O professor acredita que é importante a Urbs definir uma Taxa Interna de Retorno (TIR) máxima para evitar abusos e afirma que é um índice justo para o tipo de serviço ofertado. "É a taxa de retorno obtida recentemente nas concessões de rodovias do governo federal em 2007", diz. Segundo o professor, essa taxa de remuneração terá o índice próximo à taxa de juros Selic para garantir uma remuneração superior à inflação.
Em nota, a Urbs diz que a definição dessa taxa para limitar o lucro das concessionárias partiu da tendência nacional para licitações de transportes. "Foram feitos estudos considerando todas as licitações e concessões nacionais para avaliar a rentabilidade justa. O edital define a taxa máxima de 8,95%, a mesma de Belo Horizonte".
Aceitável
Os economistas e especialistas no setor de transporte consideram como "aceitável" a Taxa Interna de Retorno estipulada pela Urbs. O pós-doutor em Economia e presidente da Estação Business School, Judas Tadeu Mendes, disse que a rentabilidade do edital é até um pouco menor do que o investimento em títulos do governo no longo prazo. "Não vejo exagero. Se consideramos a Selic com valor médio de 7% (hoje está 8,75% ao ano) é possível dobrar os R$ 252 milhões (valor da outorga)".

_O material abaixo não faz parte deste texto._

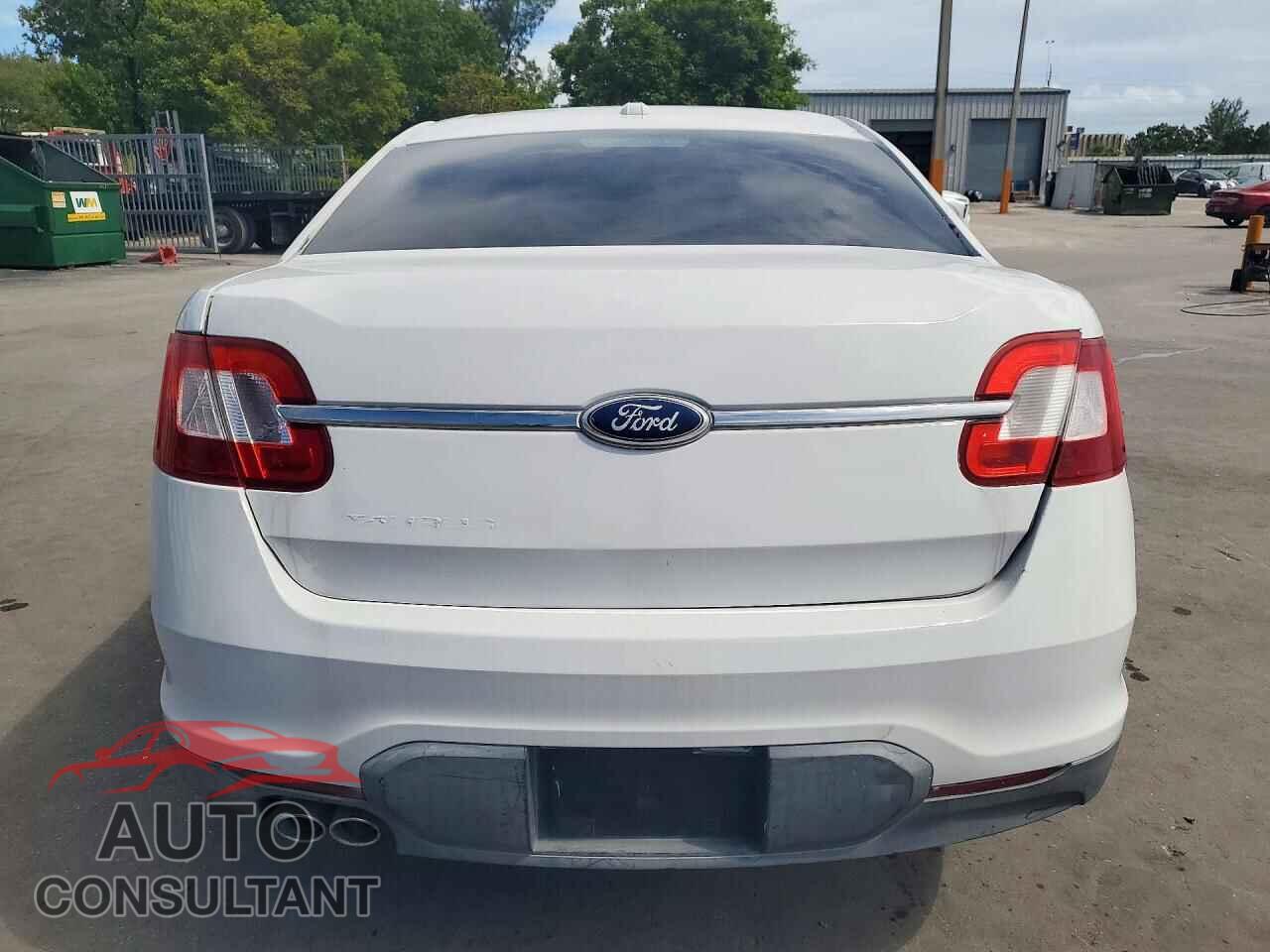FORD TAURUS 2011 - 1FAHP2DWXBG159892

"É um bom negócio, considerando que a taxa de retorno real de títulos públicos é de 6,5%", disse o professor de Economia da Pontíficia Universidade Católica no Paraná (PUCPR) Breno Lemos. Porém, o vice-presidente do Conselho Regional de Economia no Paraná (Corecon-PR), Eduardo Moreira Garcia, duvida da segurança desta remuneração. "Existe muita dúvida quanto a viabilidade desta taxa a longo prazo."
O presidente do Sindicato das Empresas de Transporte Cargas do Paraná (Setcepar), Fernando Klein Nunes, explicou que a taxa de lucro bruto (sem impostos) no transporte de cargas é, em média de 7%. Por isso ele não considera os 8,95% determinados pela Urbs como um absurdo. Porém, ele faz algumas ressalvas. "Não computamos o custo de garagem (como no edital) na remuneração. Temos um custo administrativo em que isto é diluído em todos os clientes".
O Sindicato das Empresas de Ônibus de Curitiba e Região Metropolitana (Setransp) foi procurado, mas ninguém da diretoria quis se pronunciar sobre o edital ou sobre a rentabilidade das atuais empresas.